Liberdade. Pura e absoluta. Os travelers, nómadas que Michael Joseph fotografou por todo o território dos Estados Unidos, têm em comum uma vontade insaciável de experienciar o mundo “nos seus próprios termos”, de escapar à previsibilidade e ao condicionamento dos padrões da sociedade.

“Os travelers abandonam as suas casas para viajarem pelo país à boleia ou em comboios de carga para poderem alcançar uma vida à margem da sociedade”, escreve na sinopse do projecto Lost and Found, que, em Novembro, se materializa em formato de fotolivro pela editora alemã Kehrer Verlag.

Ao longo de mais de dez anos, o fotógrafo norte-americano realizou centenas de retratos de membros dessa tribo urbana que encontra raízes nos EUA dos anos 1930. “Tudo começou quando conheci um jovem, em Las Vegas, que tinha uma tatuagem de uma âncora no rosto”, recorda, em entrevista ao P3. Esse homem era Knuckles, que veio a encontrar noutras paragens ao longo do desenvolvimento do projecto. “Na altura, a interacção [com Knuckles] não me marcou particularmente, mas o retrato que fiz tinha algo de memorável.”

“Comecei a perceber que esta subcultura tinha raízes na história norte-americana e comecei a vê-los como um grupo importante a ser documentado”, refere. “Senti extrema curiosidade no que significava viajar em comboios de carga e como seria viajar com eles e decidi tornar-me próximo deles – sem, no entanto, passar a integrar este grupo.”

Ao longo dos dez anos que dedicou ao projecto, Michael Joseph conheceu “os seus pensamentos mais íntimos e os seus sonhos”. “Muitos faleceram e tive de assistir a muitos funerais. Em alguns casos, tive contacto com os seus pais e familiares, e foi assim que me tornei parte das suas histórias, mas nunca foi minha intenção ser um dos intervenientes das suas histórias.”

Shameless, um dos retratados de Lost and Found, abandonou a sua casa aos 19 anos para se tornar traveler. Ao fotógrafo, o jovem nómada contou que essa “foi a coisa mais assustadora que algum dia fez”. “Sempre tinha pensado em fazê-lo, mas nunca tinha tido coragem”, confessa.

Juntamente com um amigo, passou a viajar em comboios de carga ou a apanhar boleias. Ao viajar por vários estados norte-americanos, diz ter aprendido a ser ele próprio ,"a cem por cento", sem a pressão do cumprimento das expectativas de terceiros. “Vivi toda a vida a evitar meter-me em problemas, nunca querendo desapontar ninguém. Queria apenas ser aceite e amado por todos. Na estrada, aprendi a ser o meu verdadeiro eu, a ser a pessoa que eu amava. Só assim me dei conta do que era realmente capaz de fazer, física e artisticamente.”

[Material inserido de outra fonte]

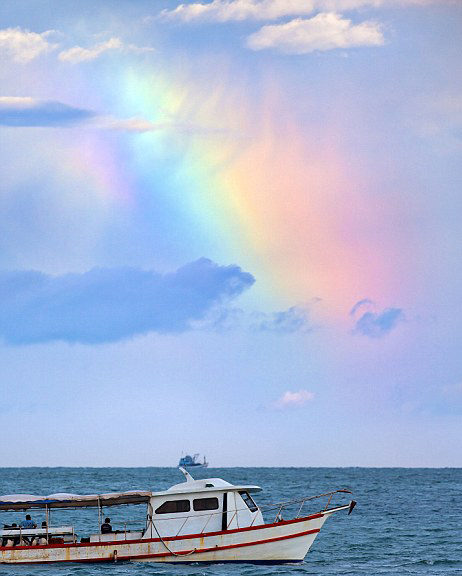 不是拱形也迷人!泰國普吉島驚現奇妙彩虹“片段”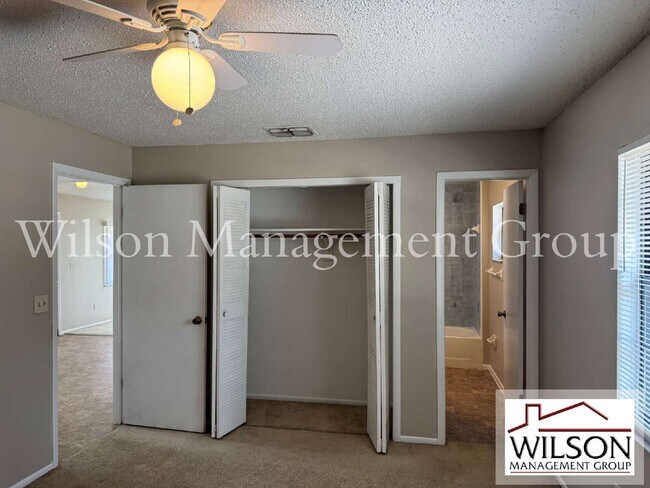 Building Photo - 701 Kings Cove Ct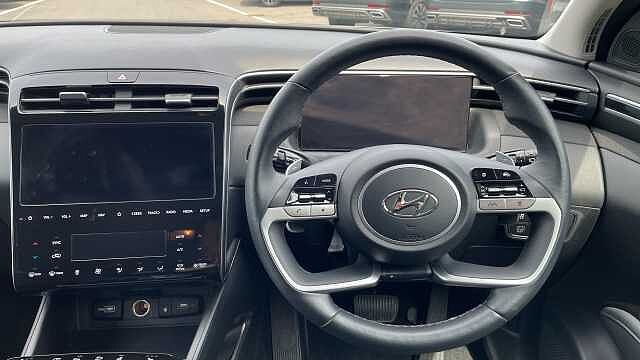 Hyundai TUCSON 1.6 h T-GDi Premium SUV 5dr Petrol Hybrid Auto Euro 6 (s/s) (230 ps) Shimmering Slvr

A história de Sherie, que figura num retrato na companhia do então namorado Alister, difere grandemente da de Shameless. Aos 14 anos, a família adoptiva não permitiu que regressasse a casa após ter ido conhecer o seu pai biológico. Sem um lar, Sherie passou a integrar esta tribo urbana.

“As pessoas pensam que todos fazemos isto por opção, mas não é assim. Alguns têm um lar para onde regressar, outros não. Eu não tenho.” No momento em que foi retratada por Michael Joseph, Sherie já tinha atravessado 25 dos 50 estados que compõem os EUA. O seu percurso não está desligado do consumo de drogas – Sherie conta que as pessoas mais importantes que conheceu ao longo da sua vida, em viagem, já morreram. “Pelo menos quatro dos namorados que já tive morreram de overdose”, conta ao fotógrafo.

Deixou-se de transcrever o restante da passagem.